• INSTRUCTIONS TO FOLLOW:
A faithful copy of each entry below is expected, with the images removed.

• INPUT MATERIAL:
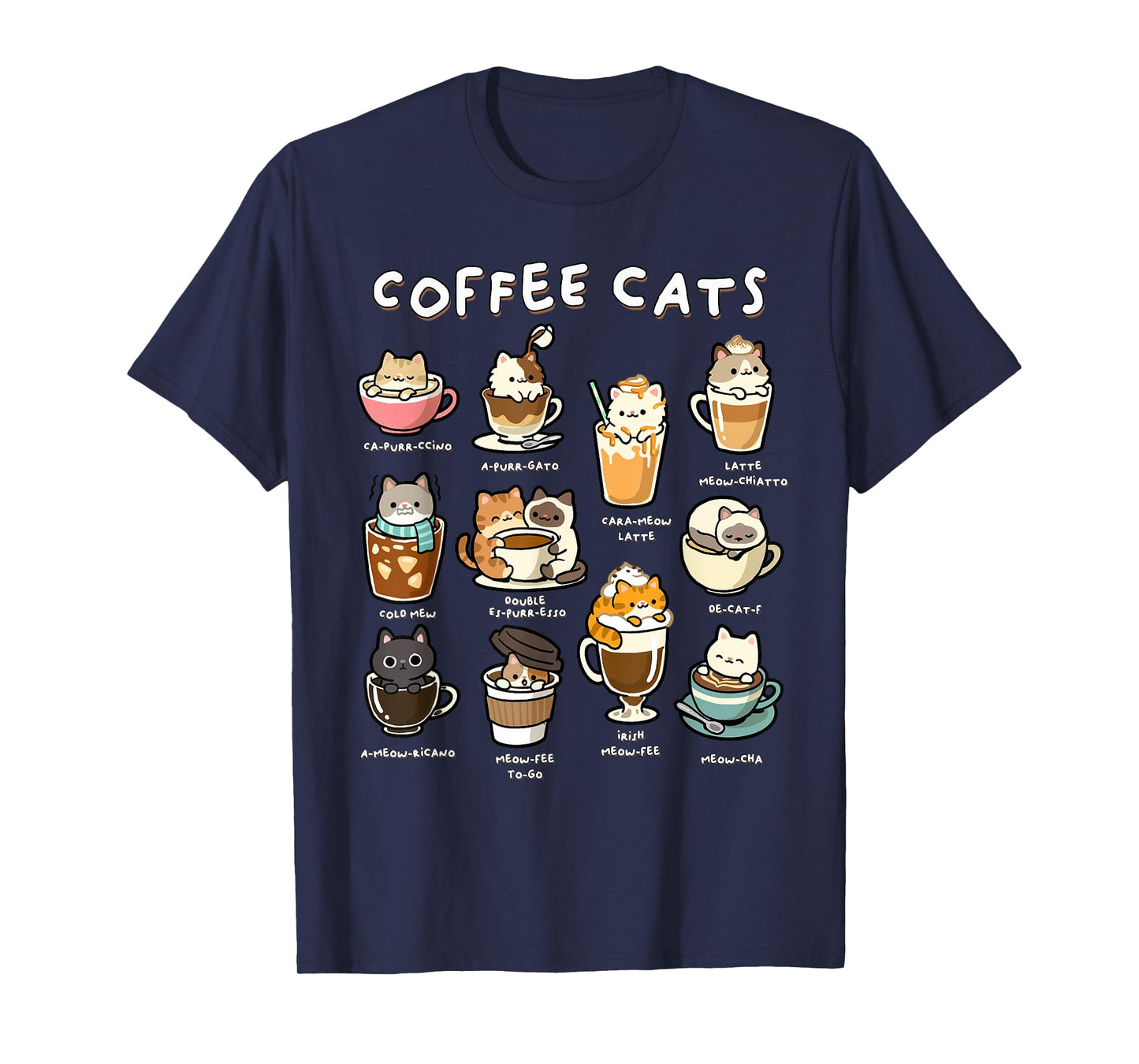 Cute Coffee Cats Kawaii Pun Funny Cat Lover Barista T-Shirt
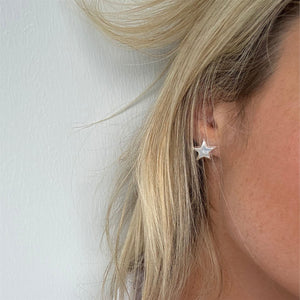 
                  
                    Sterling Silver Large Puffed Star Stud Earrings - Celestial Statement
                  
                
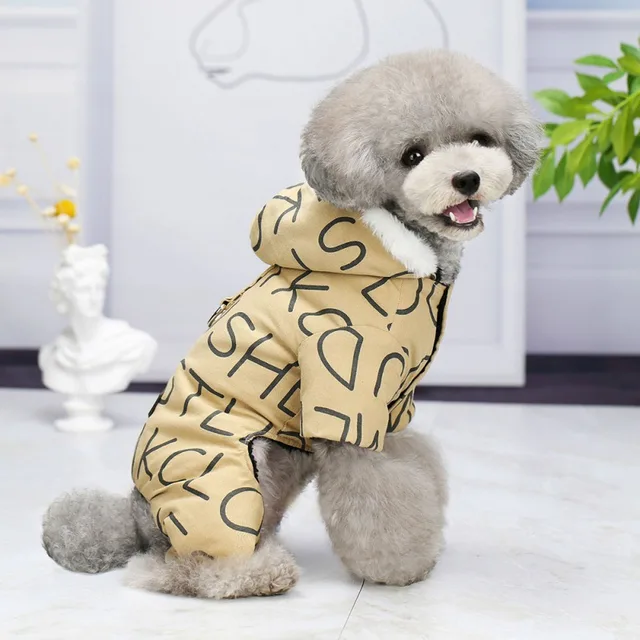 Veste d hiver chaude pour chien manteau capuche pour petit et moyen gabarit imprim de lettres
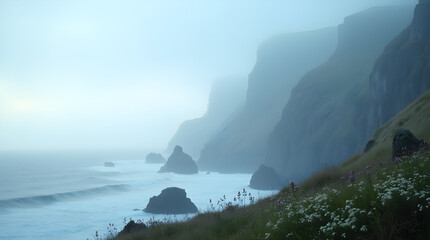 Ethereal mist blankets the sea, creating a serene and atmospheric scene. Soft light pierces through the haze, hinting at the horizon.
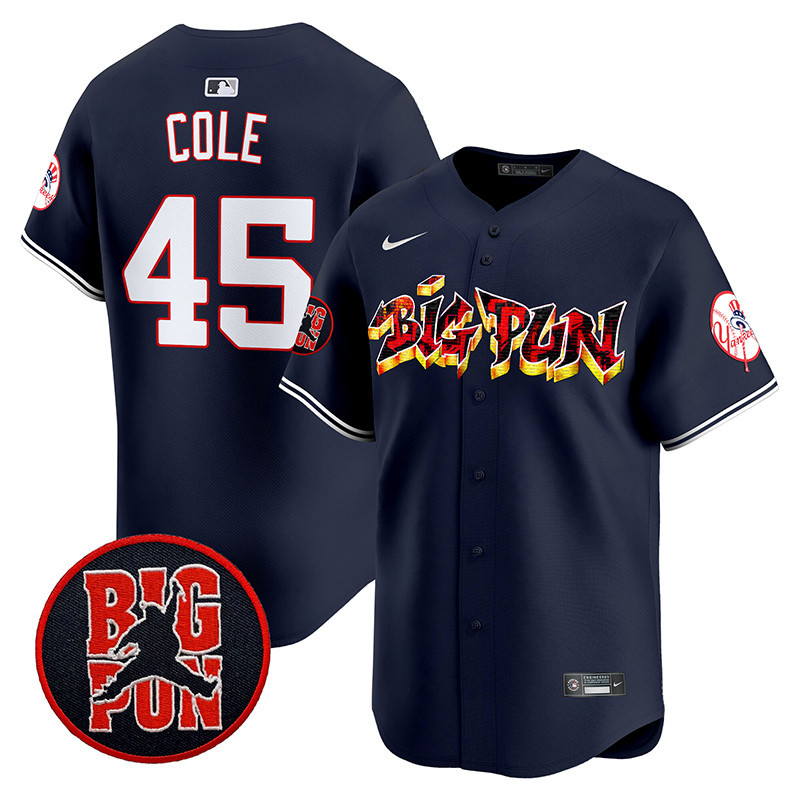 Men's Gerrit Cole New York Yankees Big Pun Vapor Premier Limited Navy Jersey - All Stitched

• FINISHED EXERCISE:
 Cute Coffee Cats Kawaii Pun Funny Cat Lover Barista T-Shirt
                  
                    Sterling Silver Large Puffed Star Stud Earrings - Celestial Statement
                  
                
 Veste d hiver chaude pour chien manteau capuche pour petit et moyen gabarit imprim de lettres
 Ethereal mist blankets the sea, creating a serene and atmospheric scene. Soft light pierces through the haze, hinting at the horizon.
 Men's Gerrit Cole New York Yankees Big Pun Vapor Premier Limited Navy Jersey - All Stitched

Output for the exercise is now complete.